Partial profit taking is a dilemma often faced by long-term trend followers. Could this benefit your overall strategy performance?

Let’s test!

You’ve probably heard the saying *‘Nobody ever got hurt taking a profit.’*

In partial profit taking, you close out a portion of your floating profits, while giving your remaining lots the opportunity to accrue additional profits.

This certainly feels good, but does this actually benefit your long-term performance? Should you just let the full position run its course instead?

Before doing the tests, let’s discuss why partial profits are more relevant to trend following strategies.

## Not All Strategies Are Equal

Short-term mean reversion traders are usually spared the dilemma of partial profit taking. Such strategies aim to capture a small price move, and usually have tight profit targets in place.

The chart below shows the distribution of profits/losses for a mean reversion strategy, which uses a small pip-based profit target.

Since the winning trades are small and consistent, there is little incentive to take partial profits.

Long-term trend following strategies are different, however.

These strategies rely on a small number of outsized wins to compensate for their low win rate. The distribution below shows the trade distribution for a trend following strategy with a 45% win rate.

Losing some of the outsized wins could significantly affect the strategy’s bottom line.

## How Partial Profit Taking Affects Trend Following Performance

For the remainder of this post, I’ll use a Bollinger Bands trend following strategy containing a standard deviation trailing stop.

Here is its 16-year baseline performance (without partial profit taking) using a fixed 0.1 lots per trade:

The 804 trades have the following distribution, with the average trade being 22 pips. Notice the ‘fat tail’ on the right of the distribution that is crucial for the strategy’s profitability.

Your partial profit target should be large enough to allow you to ride the trend, whilst being small enough to capture sufficient trades. From the distribution above, the 250 to 500-pip region seems like a good compromise.

For this strategy, suppose you decide to close half your position (0.05 lots) whenever you hit a 100-pip floating profit. You then let the trailing stop take out the remaining 0.05 lots.

Here’s how that looks like in MT4:

Let’s investigate how different profit taking levels affect overall strategy performance.

### Profit Target Optimization

I optimized the partial profit taking level from 20 to 1000 pips, in steps of 10 pips.

In general, there is a marginal improvement in risk-adjusted performance with partial profit taking.

Optimal return/maximum drawdown is achieved when the 50% partial profit is taken at about 450 pips. 10% of the original 804 trades hit this target level.

There is practically no improvement at very large profit targets since very few trades accrue this much floating profit.

I did an equity curve comparison using QuantAnalyzer:

The equity curve with partial profit taking is very similar because the trade sequence is preserved. The strategy’s improved performance is due to the better profit retention.

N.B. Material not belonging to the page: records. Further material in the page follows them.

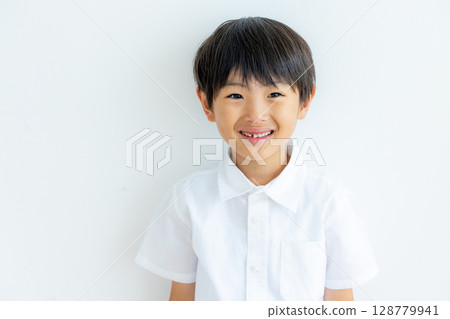 Portrait of an elementary school student on a white background Portrait of an elementary school student on a white background 128779941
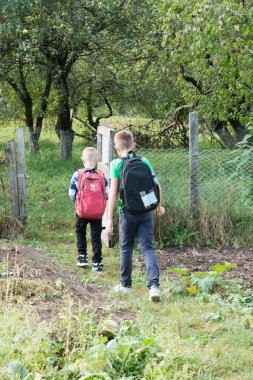 Sırt çantalı iki genç, yemyeşil bahçelerle çevrili küçük bir ahşap kapıdan bahçeye ya da bahçeye doğru yürür. Ağaçlar tepemizde. Keşif ve çocukluğa odaklanmış.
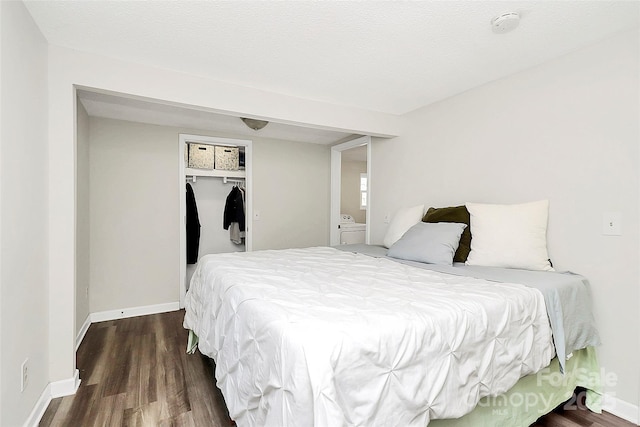 bedroom with washer / clothes dryer, wood finished floors, and baseboards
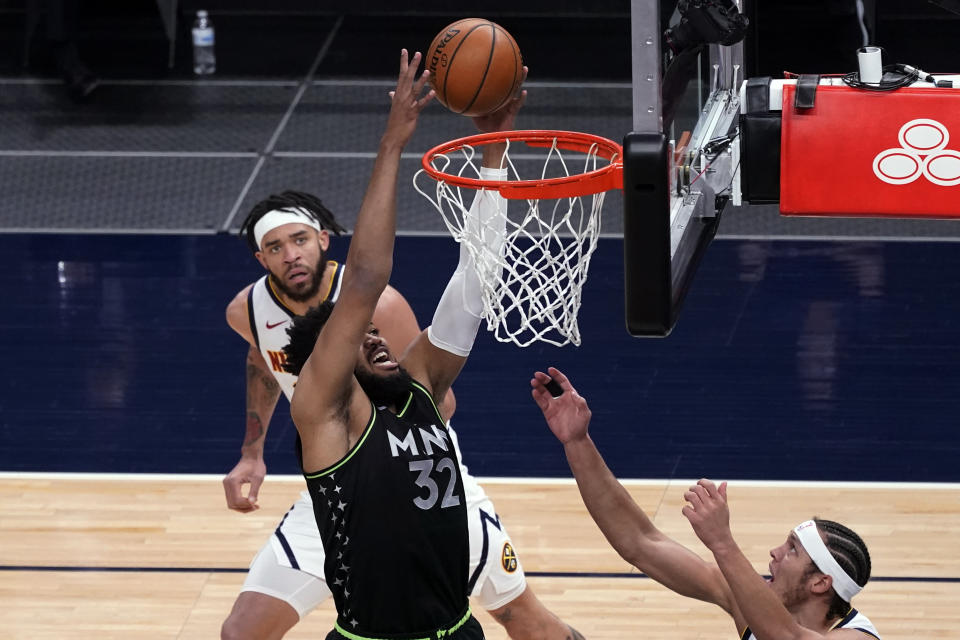 Minnesota Timberwolves' Karl-Anthony Towns (32) reaches for a rebound as Denver Nuggets' JaVale McGee, left, and Aaron Gordon watch during the first half of an NBA basketball game Thursday, May 13, 2021, in Minneapolis. (AP Photo/Jim Mone)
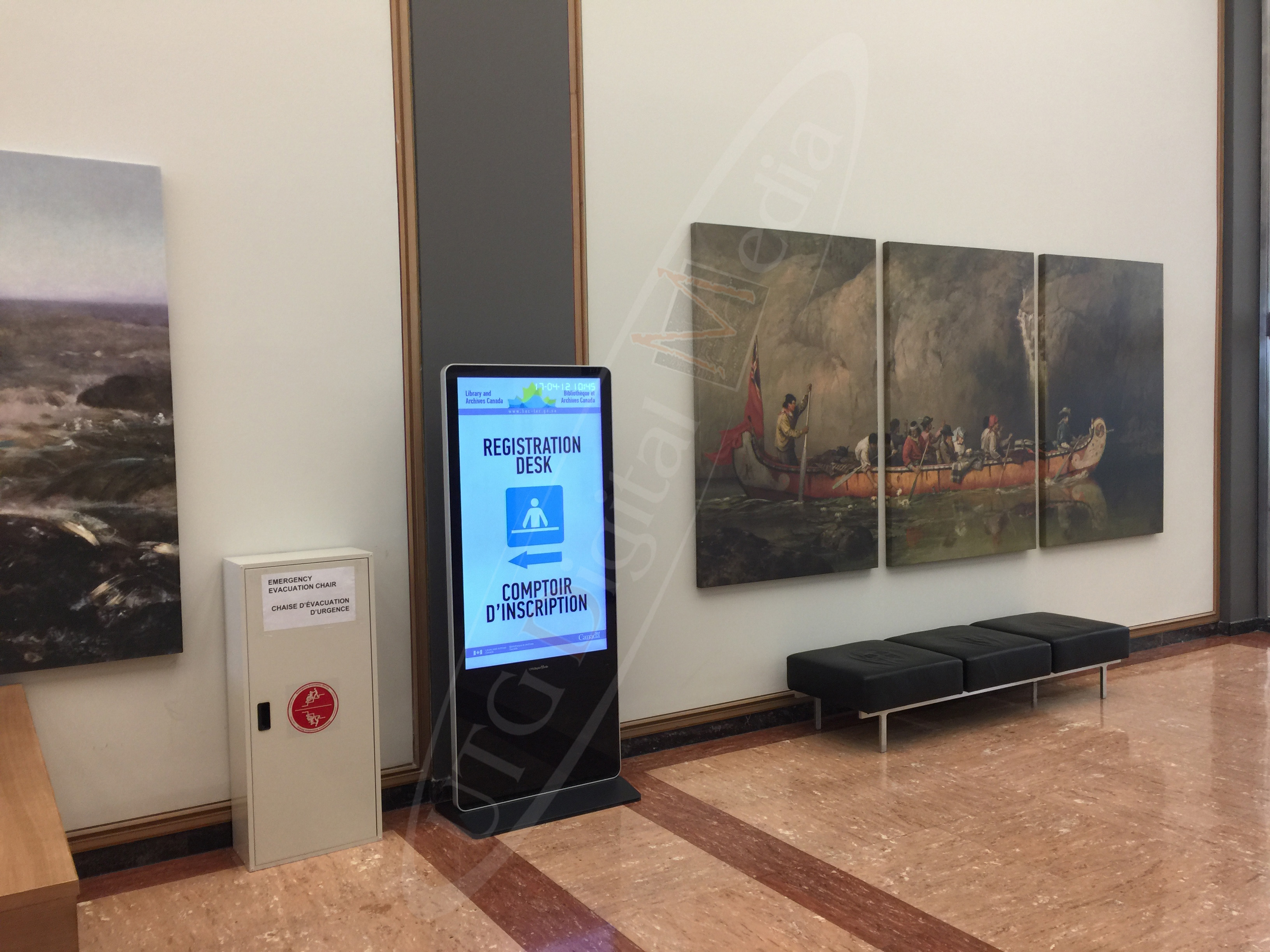 A UTG LCD Standup Screen in the entrance lobby of The Library & Archives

Your optimal profit taking level, or whether taking partial profits is beneficial at all, will depend on your strategy and market. If your strategy holds trades for long periods, or you trade a volatile market with frequent trend reversals, partial profit taking will make more sense.

## Wrapping Up

Partial profit taking can be a viable option, especially if you’re a long-term trend follower.

As usual, do your backtests and let the results speak for themselves. Don’t do it simply because it’s psychologically satisfying.

If you do wish to take partial profits, I suggest having one optimizable parameter at most. This would most likely be the size of your profit target; pip or volatility-based levels are good options.

Adding more optimizable parameters will increase your risk of overfitting.